Minor league affiliations
- Class: Class B (1956–1957); Class C (1954); Class B (1947–1953); Class D (1941–1942); Class A (1921–1932); Class B (1920); Class D (1911–1913);
- League: Big State League (1956–1957); Longhorn League (1954); Big State League (1947–1953); West Texas–New Mexico League (1941–1942); Texas League (1920–1932); Texas–Oklahoma League (1911–1913);

Major league affiliations
- Team: Brooklyn Dodgers (1956); Washington Senators (1954); Boston/Milwaukee Braves (1952–1953); St. Louis Browns (1948–1951); Cincinnati Reds (1941); St. Louis Browns (1929–1932); Chicago Cubs (1922–1925); Pittsburgh Pirates (1920-1921);

Minor league titles
- Dixie Series titles (1): 1927
- League titles (2): 1927; 1953;
- First-half titles (1): 1930;
- Second-half titles (2): 1928; 1929;

Team data
- Name: Wichita Falls Spudders (1920–1932, 1941–1942, 1947–1954, 1956–1957); Wichita Falls Drillers (1912–1913); Wichita Falls Irish Lads (1911);
- Ballpark: Athletic Park

= Wichita Falls Spudders =

The Wichita Falls Spudders were a minor league baseball team that formed in 1920 and played its last game in 1957. They were based in Wichita Falls, Texas.

The first Spudders team ran from 1920–1932 and played in the Texas League as an affiliate of the Pittsburgh Pirates, Chicago Cubs and St. Louis Browns. In 1927, they won the league championship and the Dixie Series, a postseason interleague championship between the winners of the Southern Association and the Texas League.

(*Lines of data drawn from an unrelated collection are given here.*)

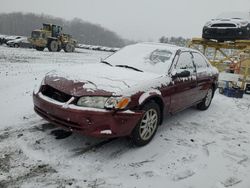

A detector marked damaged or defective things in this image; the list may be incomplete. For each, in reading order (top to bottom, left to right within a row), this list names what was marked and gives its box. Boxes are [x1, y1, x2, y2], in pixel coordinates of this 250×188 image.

crumpled front bumper [32, 92, 145, 138]
damaged toyota camry [33, 42, 219, 145]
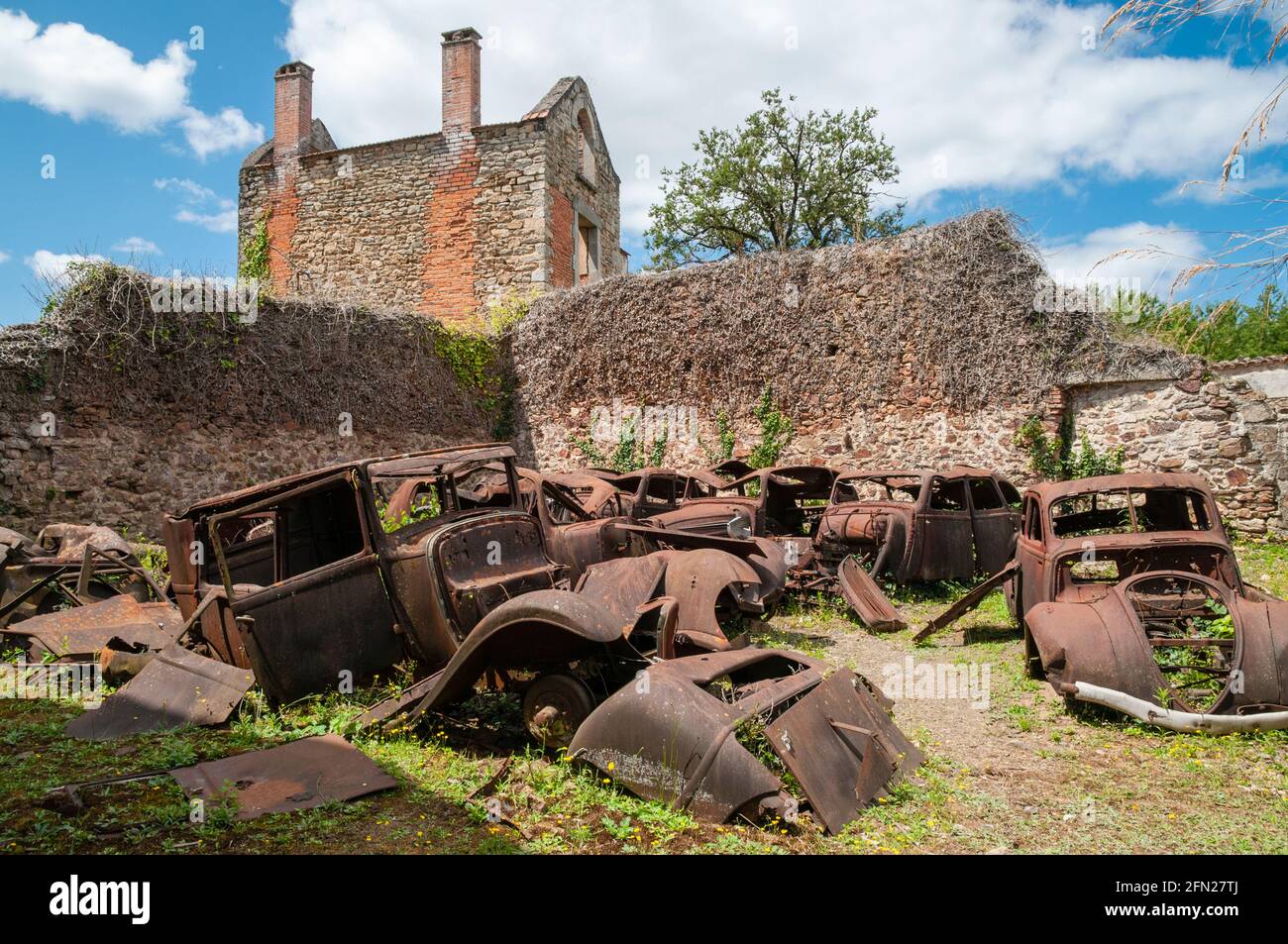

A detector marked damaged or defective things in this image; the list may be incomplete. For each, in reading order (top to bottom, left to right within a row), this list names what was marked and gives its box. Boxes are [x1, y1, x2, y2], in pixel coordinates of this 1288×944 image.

rusted metal debris [64, 646, 254, 741]
rusted metal debris [169, 729, 396, 816]
corroded car door [212, 472, 400, 701]
rusted car wreck [143, 442, 912, 824]
corroded car door [912, 475, 975, 578]
corroded car door [963, 475, 1015, 571]
rusted car wreck [931, 475, 1284, 733]
collapsed car body [1003, 475, 1284, 733]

That team moved to Longview, Texas in 1932 and became the Longview Cannibals. They moved to the Dixie League in 1933 and then the West Dixie League from 1934–1935 and the East Texas League from 1936–1939. They were affiliated with the Chicago White Sox from 1934–1939. The team disbanded after the 1939 season.

A second team, also called the Spudders operated from 1941–1942 in the West Texas–New Mexico League as an affiliate of the Cincinnati Reds.

The Third Spudders team operated from 1947–1954 as part of the Big State League (1937–1953) and Longhorn League (1954). This team was affiliated with the St. Louis Browns (1948–1951), Boston Braves/Milwaukee Braves (1952–1953) and Washington Senators (1954). They moved away and became the Sweetwater Spudders for the 1955 season.

The final Spudders team operated from 1956–1957 in the Big State League as an affiliate of the Brooklyn Dodgers. They disbanded halfway through the 1957 season.